> Work task: Provide an exact copy of the data, excluding the images.

*** Input for this task ***

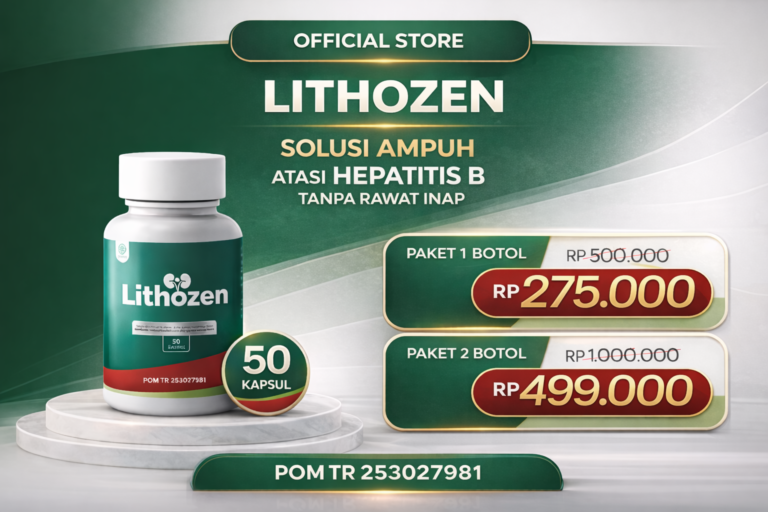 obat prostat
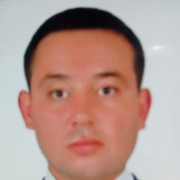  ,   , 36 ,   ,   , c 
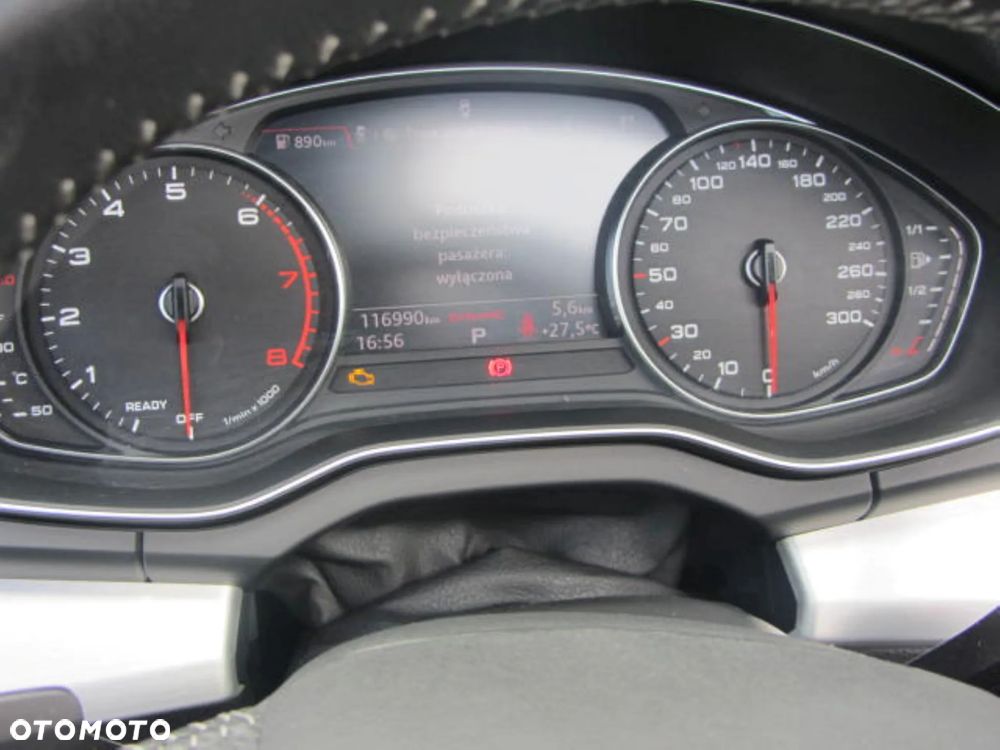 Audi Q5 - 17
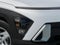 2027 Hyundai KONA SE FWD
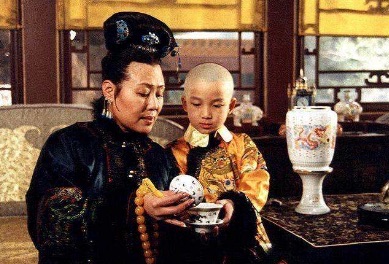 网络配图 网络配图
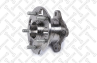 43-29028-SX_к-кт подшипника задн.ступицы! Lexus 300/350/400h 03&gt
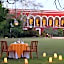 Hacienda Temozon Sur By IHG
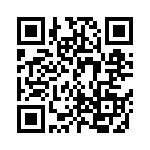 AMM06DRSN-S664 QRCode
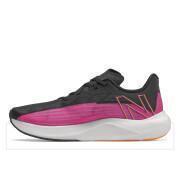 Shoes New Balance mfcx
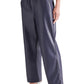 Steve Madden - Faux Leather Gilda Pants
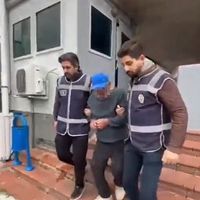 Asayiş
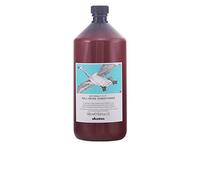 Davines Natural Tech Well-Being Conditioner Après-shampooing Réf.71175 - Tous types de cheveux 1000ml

*** End of Input for this task ***

> Reply:
 obat prostat
  ,   , 36 ,   ,   , c 
 Audi Q5 - 17
 2027 Hyundai KONA SE FWD
 网络配图 网络配图
 43-29028-SX_к-кт подшипника задн.ступицы! Lexus 300/350/400h 03&gt
 Hacienda Temozon Sur By IHG
 AMM06DRSN-S664 QRCode
 Shoes New Balance mfcx
 Steve Madden - Faux Leather Gilda Pants
 Asayiş
 Davines Natural Tech Well-Being Conditioner Après-shampooing Réf.71175 - Tous types de cheveux 1000ml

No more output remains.